# EXERCISE DIRECTIONS:
Every line from the start of the records through the line with "Bánh brownie trứng muối" is to be written out exactly; pictures are not.

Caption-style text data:
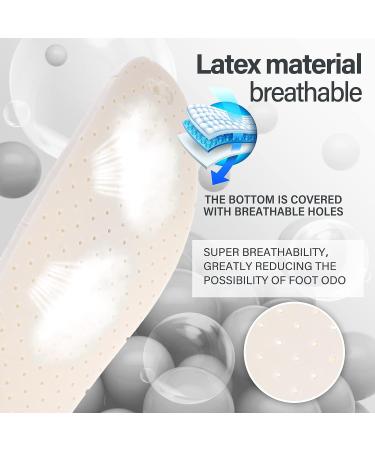 WLLHYF Memory Foam Insoles - Super Soft Shock Absorption Inserts for Men and Women - Relieve Foot Pain - Size 44-45 - Buy Online on GoSupps.com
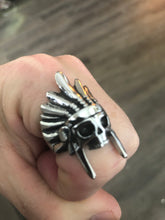 Indian Head Skull - Stainless Steel 316L - RAREBoutiques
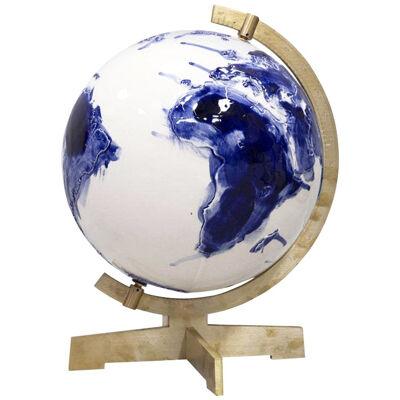 Unique Earth Globe Sculpture by Alex de Witte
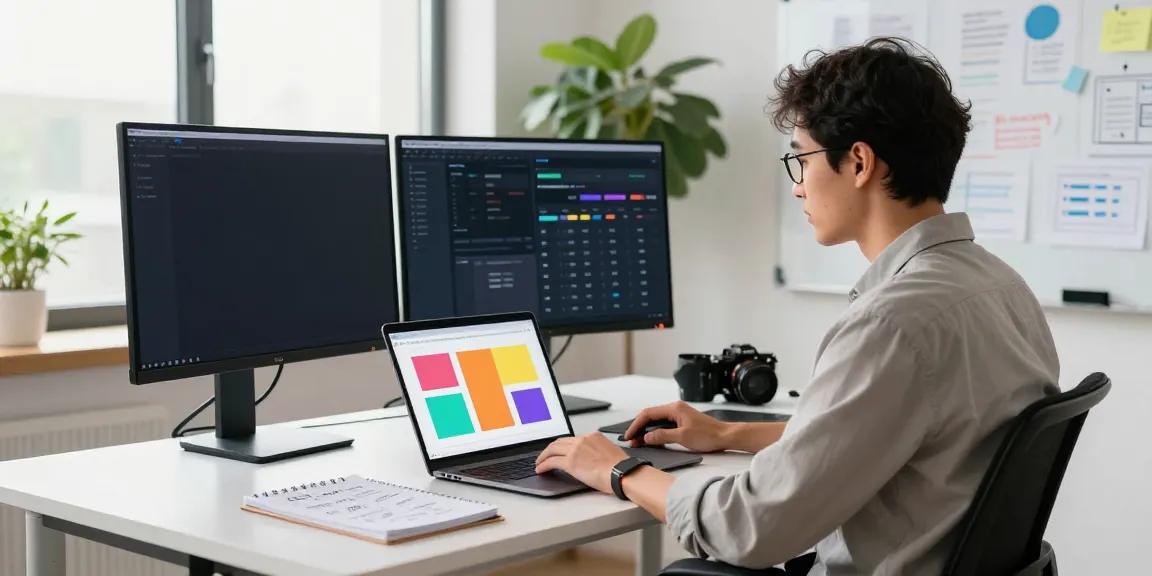 Content strategist working on a plan for instant indexing in a modern office.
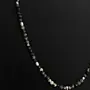 Handcrafted Delicate Black Onyx Necklace with Distinctive Detail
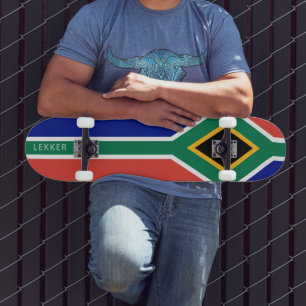 Skate padrão da bandeira da África do Sul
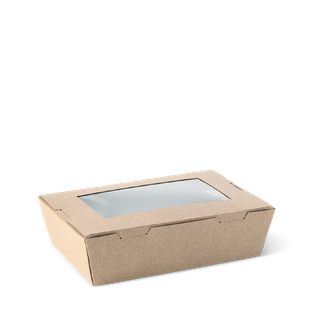 Medium PLA Kraft Window Lunch Box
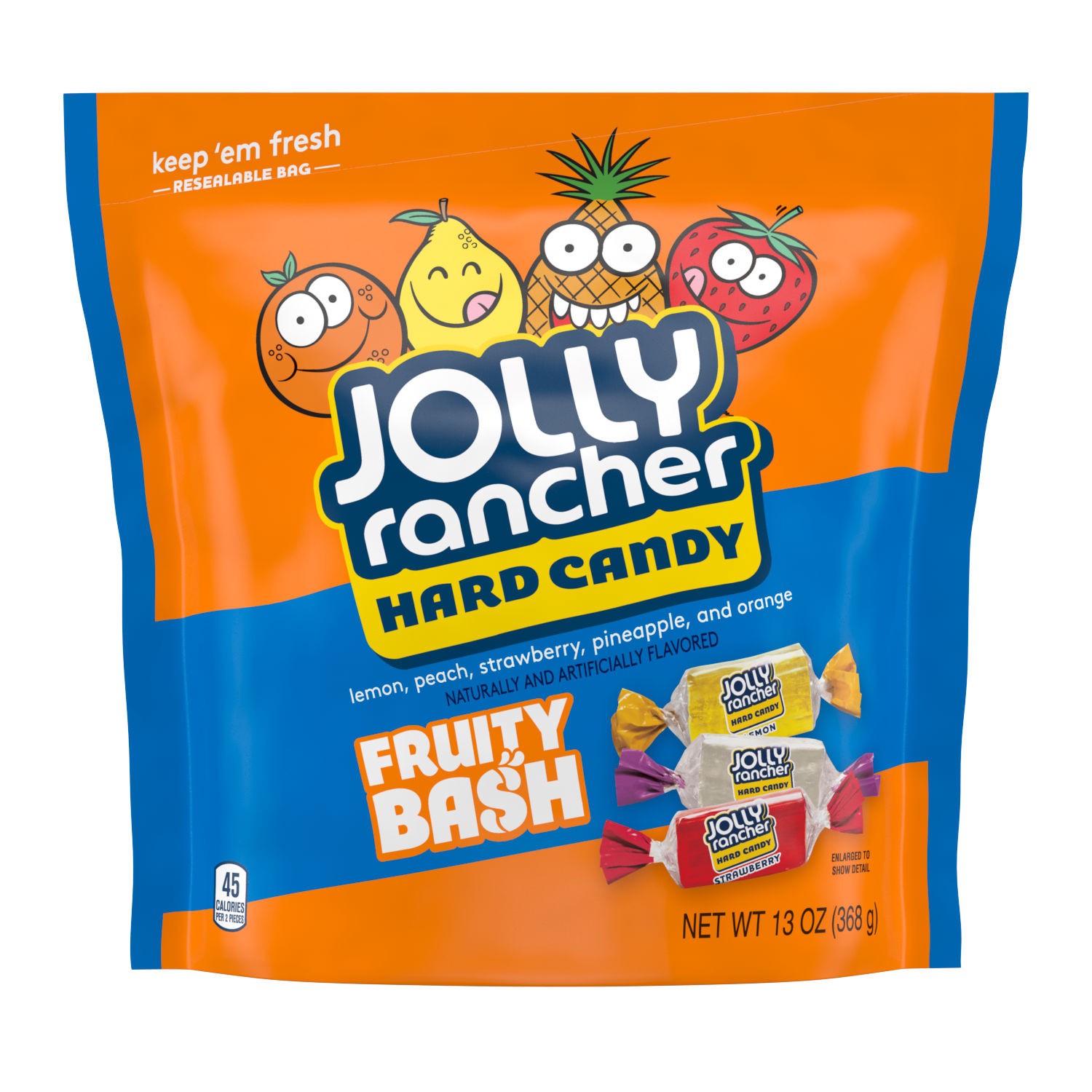 slide 1 of 8, Jolly Rancher Hard Candy, Assorted Flavors, 13 oz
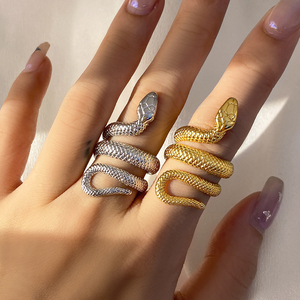 Кольцо на палец в форме змеи, 18 карат - Product Image 6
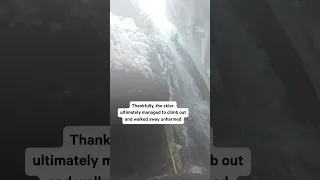 GOPRO INC. Skier&#39;s GoPro Captures Fall Into Hidden Waterfall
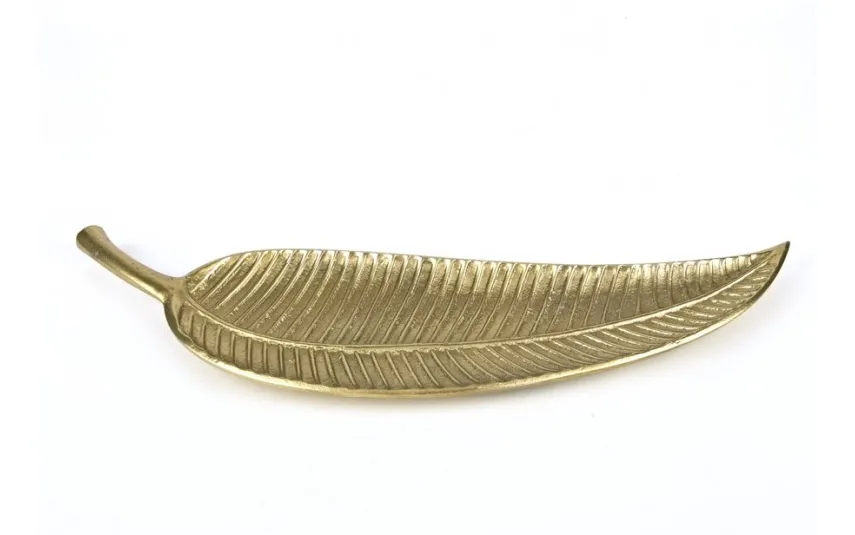 Witek Home Patera Liść mosiądz 52,5cm New
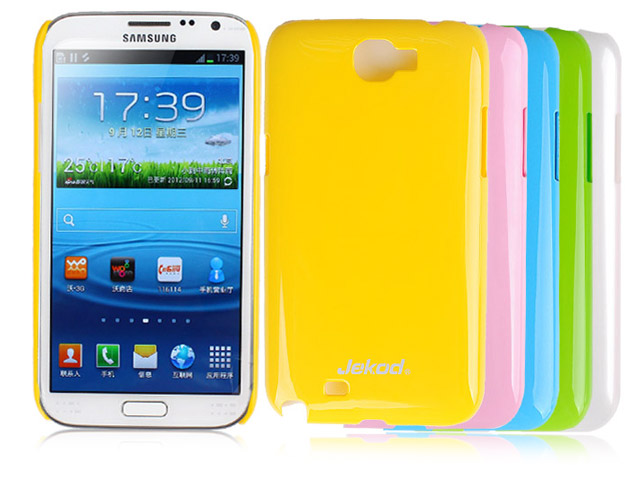 Чехол Jekod Shine case для Samsung Galaxy Note 2 N7100 (белый, пластиковый)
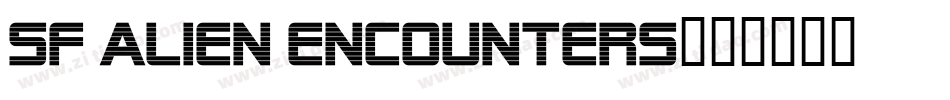 SF Alien Encounters字体转换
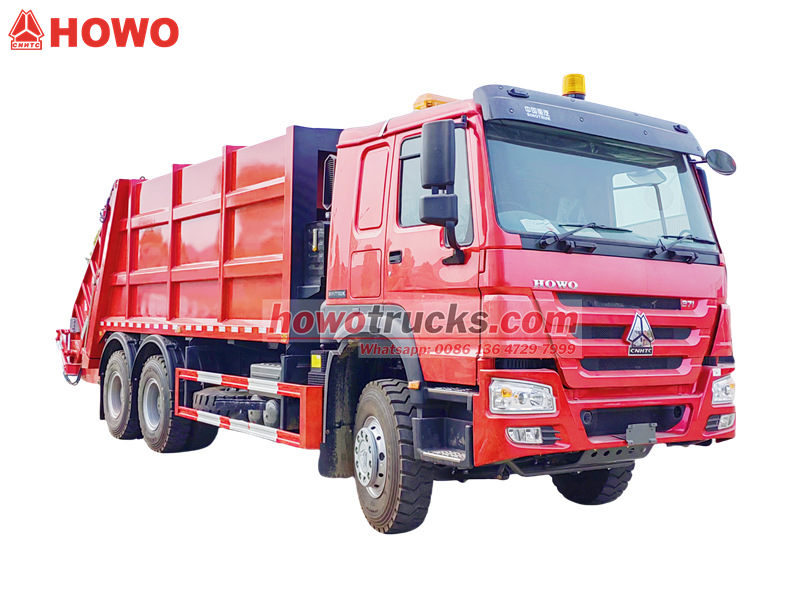 HOWO 8cbm rear loader truck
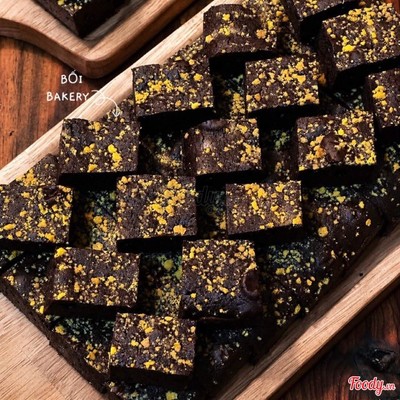 Bánh brownie trứng muối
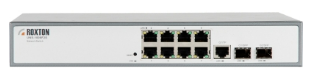 Roxton UNS-1008F2S Неуправляемый сетевой коммутатор, порт 10/100 Мбит/сх8, порт TFх1, порт SFPх2, 1U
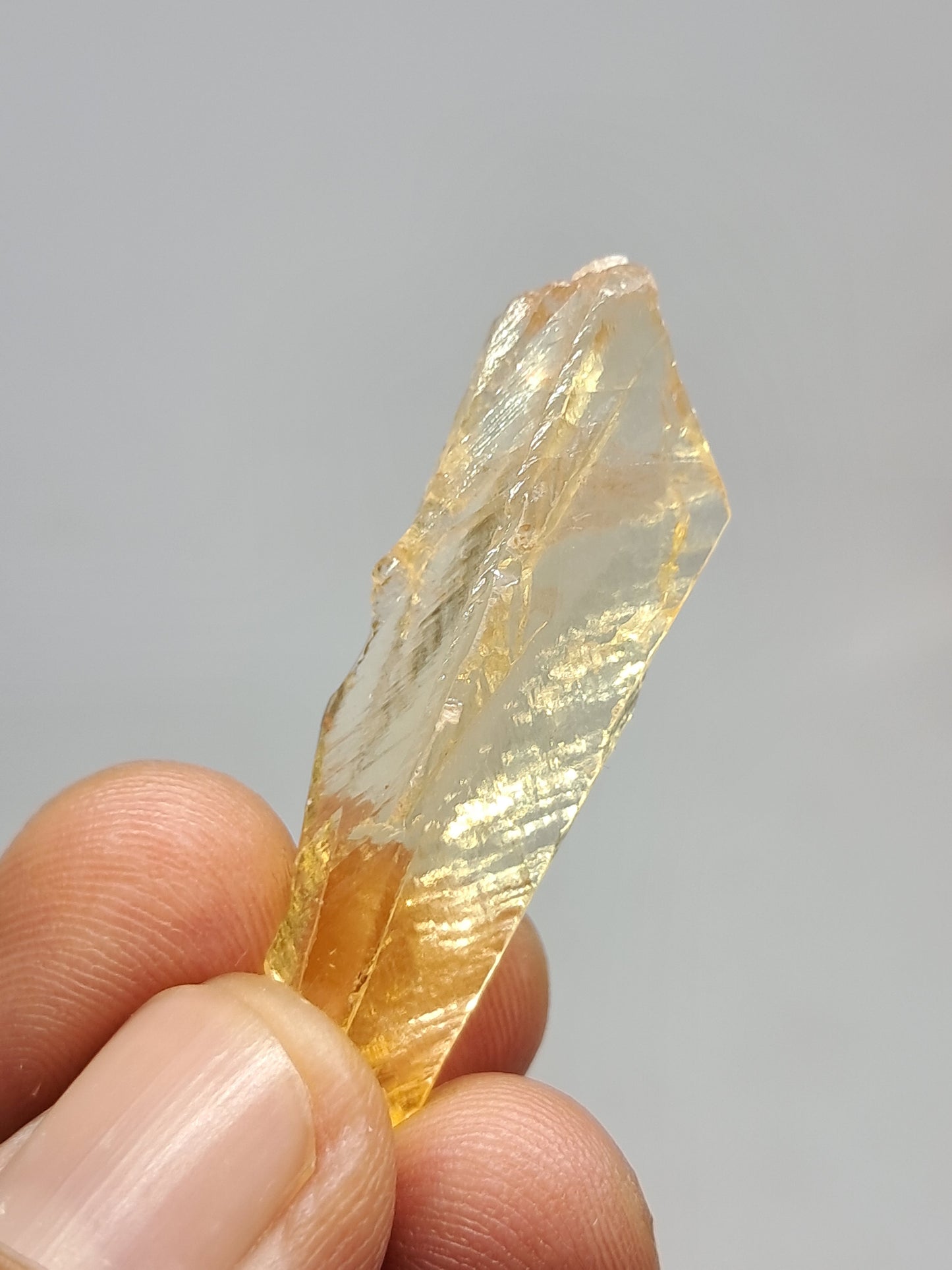 Golden Calcite (Ajanta) Rough Crystals | Naturally Terminated UV Reactive | Mineral Specimen #GC1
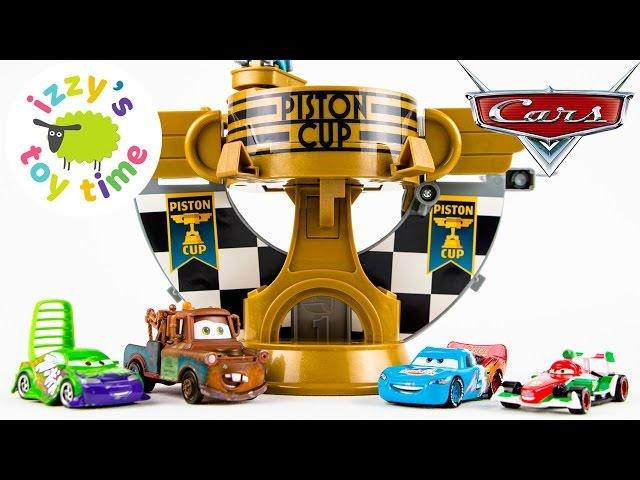 Cars  | Disney Pixar Cars Ultimate Piston Cup Speedway | Fun Toy Cars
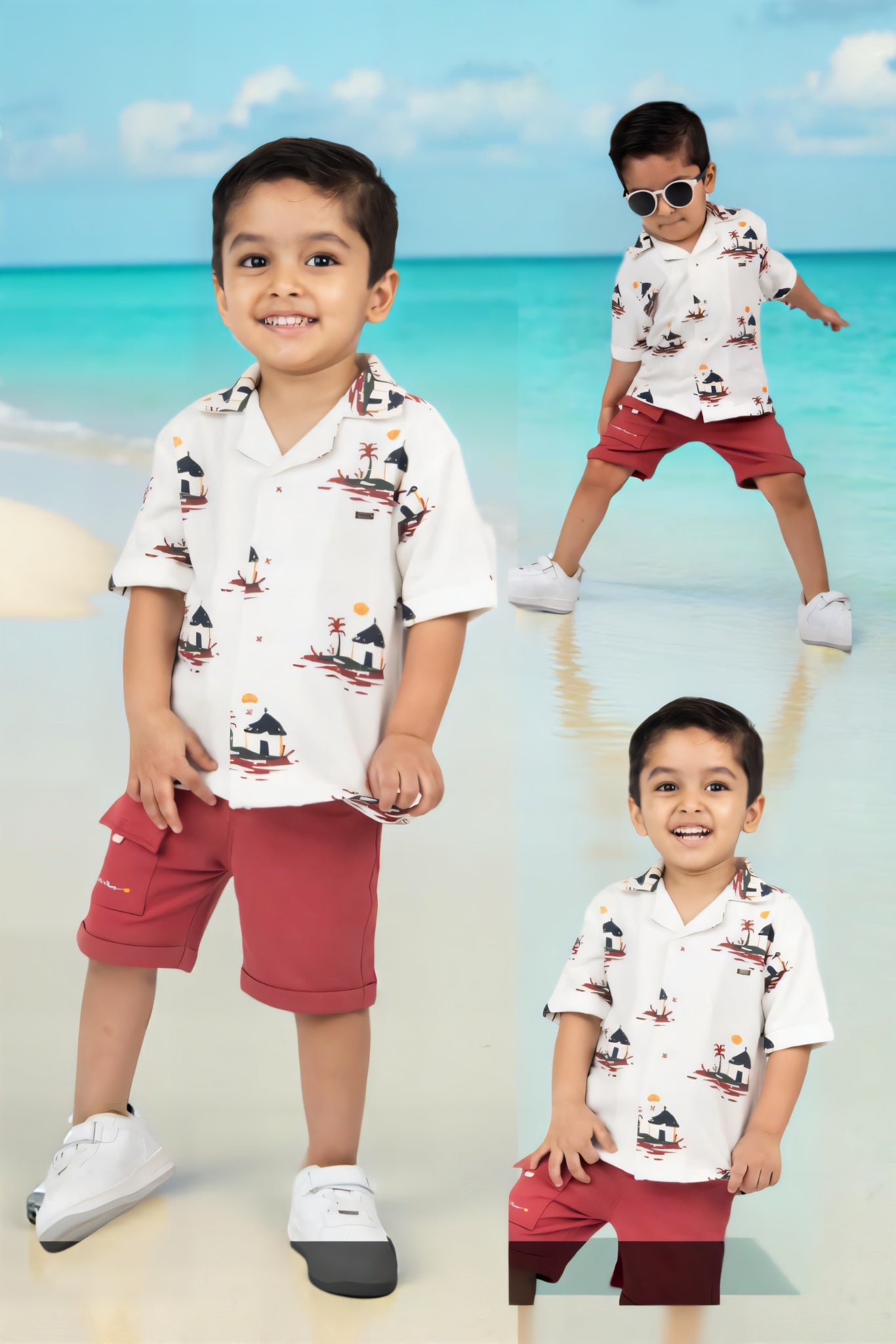 Soft Cotton Half Sleeve Shirt & Shorts Set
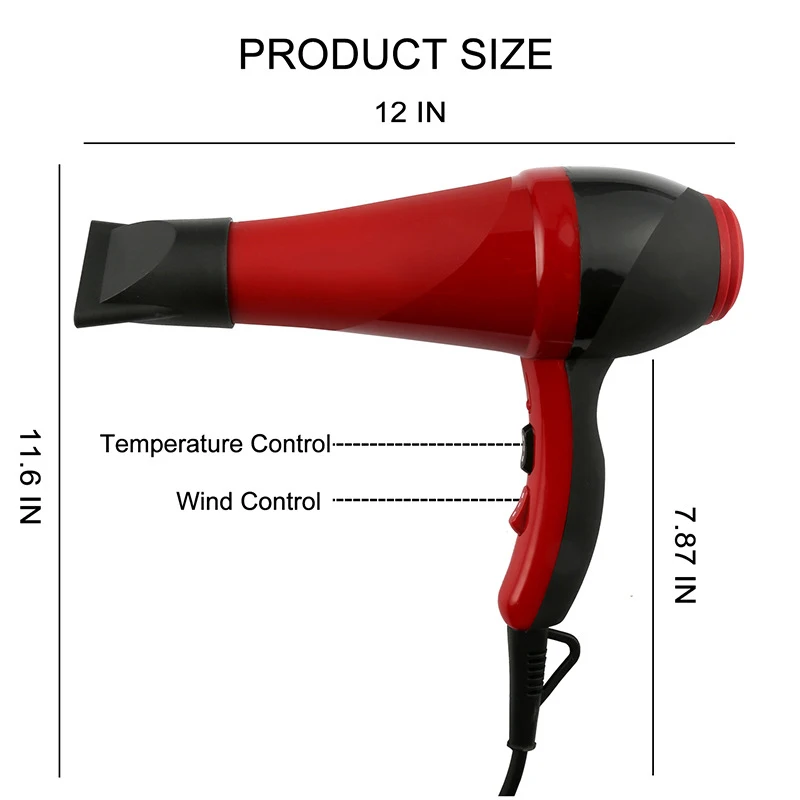 DMWD 2000 Вт Горячая регулировка холодного воздуха Профессиональный электрический фен для волос салон Уход Инструменты для укладки волос 110 В 220 В ЕС США Великобритания вилка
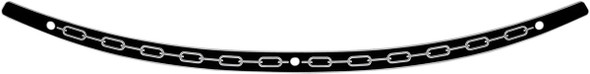Memphis Shades - MEB0973 - Windshield Trim - Black - Chain - FLH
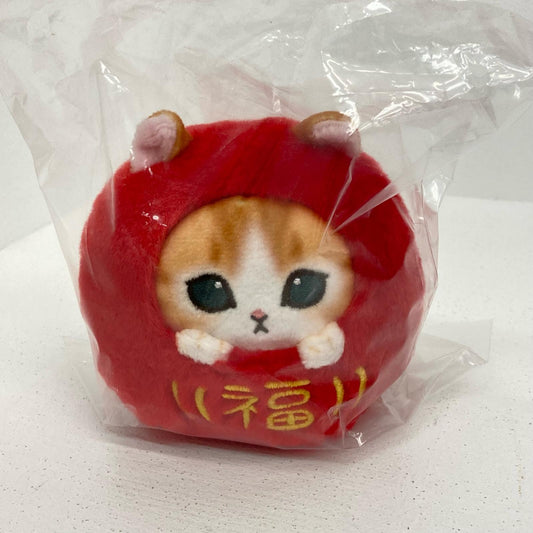 ぬいぐるみ だるまにゃんこ 手乗りぬいぐるみ mofusand だるまにゃんこ【イオン広店】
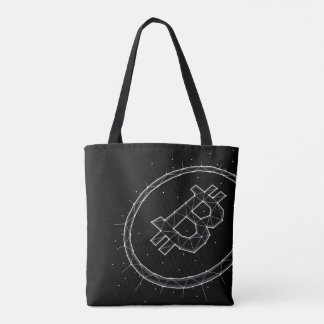 Minimalist Bitcoin Tote Bag
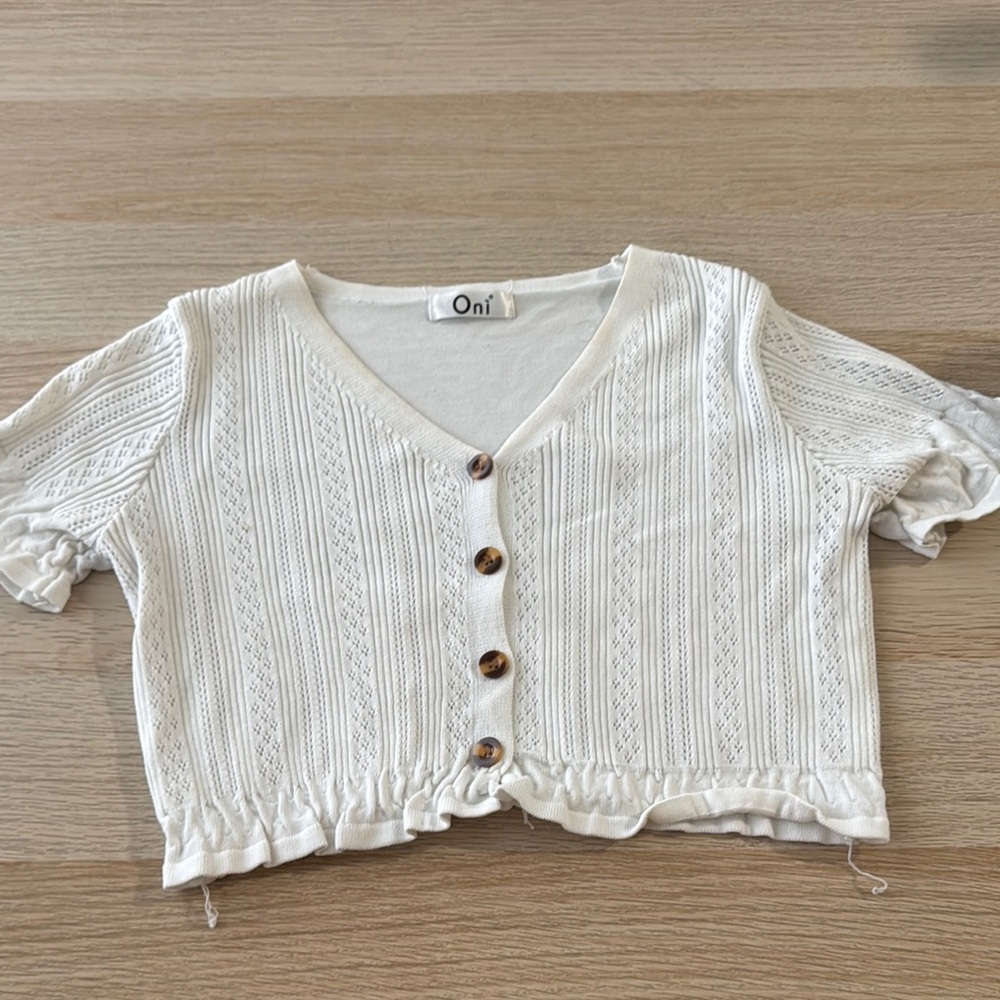 White Button-Up Blouse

# SOLUTION FOR THIS PROBLEM:
 WLLHYF Memory Foam Insoles - Super Soft Shock Absorption Inserts for Men and Women - Relieve Foot Pain - Size 44-45 - Buy Online on GoSupps.com
 Indian Head Skull - Stainless Steel 316L - RAREBoutiques
 Unique Earth Globe Sculpture by Alex de Witte
 Content strategist working on a plan for instant indexing in a modern office.
 Handcrafted Delicate Black Onyx Necklace with Distinctive Detail
 Skate padrão da bandeira da África do Sul
 Medium PLA Kraft Window Lunch Box
 slide 1 of 8, Jolly Rancher Hard Candy, Assorted Flavors, 13 oz
 Кольцо на палец в форме змеи, 18 карат - Product Image 6
 GOPRO INC. Skier&#39;s GoPro Captures Fall Into Hidden Waterfall
 Witek Home Patera Liść mosiądz 52,5cm New
 Чехол Jekod Shine case для Samsung Galaxy Note 2 N7100 (белый, пластиковый)
 SF Alien Encounters字体转换
 HOWO 8cbm rear loader truck
 Bánh brownie trứng muối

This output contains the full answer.